WORK REQUEST. An exact reproduction of the data below is expected, free of images.

GIVEN MATERIAL.
☆ ☆ ☆ ☆ ☆

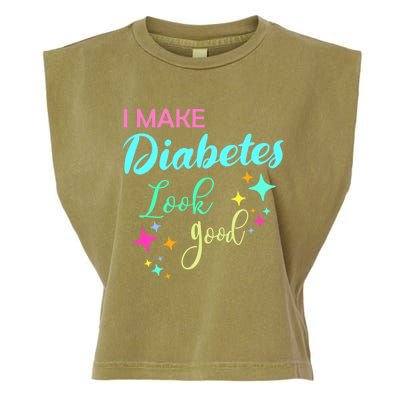 Diabetic Diabetes Look Good Gift Diabetic Gift Garment-Dyed Women's Muscle Tee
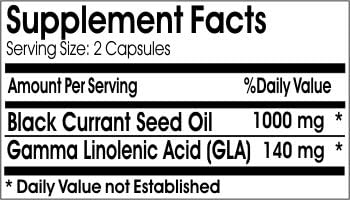 Black Currant Seed Oil 1000mg // 90 Capsules // Pure // by PureControl Supplements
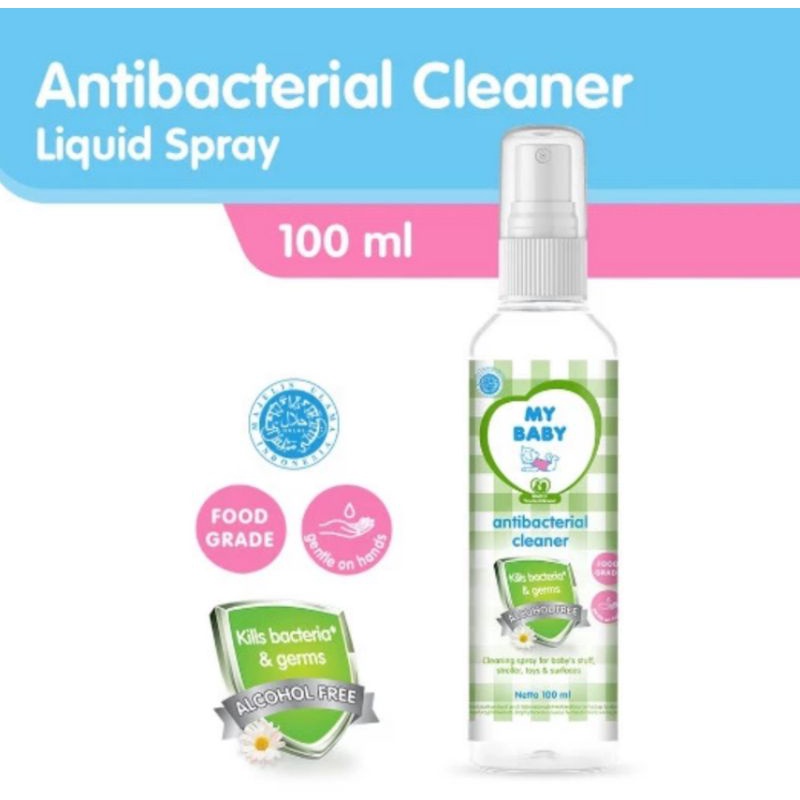 My Baby Cleaner Disinfektan Spray / Membersihkan Perlengkapan Makan , Empeng dan Mainan Bayi / Foodgrade Sanitizer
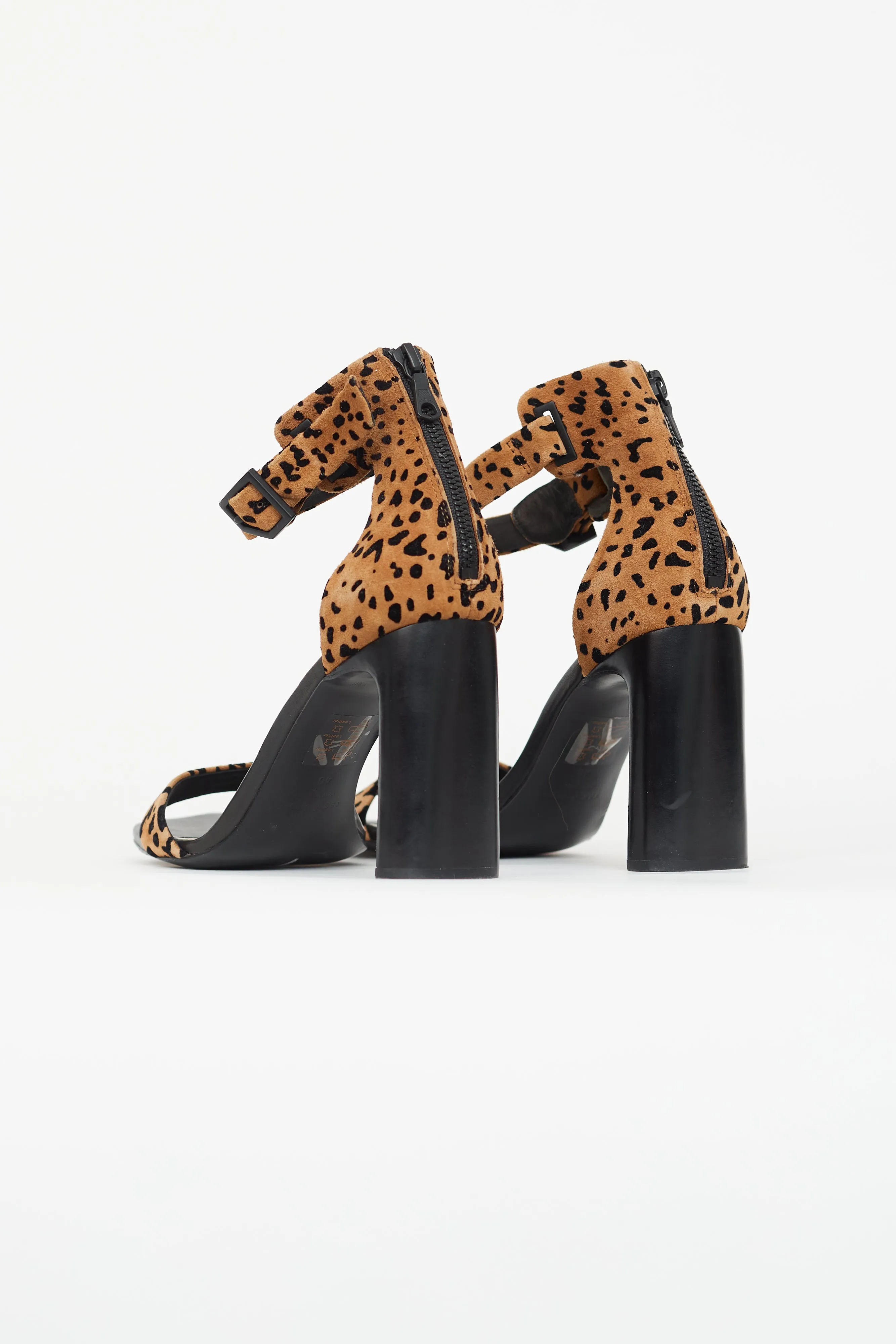 Brown & Black Print Ellis Heeled Sandal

☆ ☆ ☆ ☆ ☆

WRITTEN ANSWER.
 Diabetic Diabetes Look Good Gift Diabetic Gift Garment-Dyed Women's Muscle Tee
 Black Currant Seed Oil 1000mg // 90 Capsules // Pure // by PureControl Supplements
 My Baby Cleaner Disinfektan Spray / Membersihkan Perlengkapan Makan , Empeng dan Mainan Bayi / Foodgrade Sanitizer
 Brown & Black Print Ellis Heeled Sandal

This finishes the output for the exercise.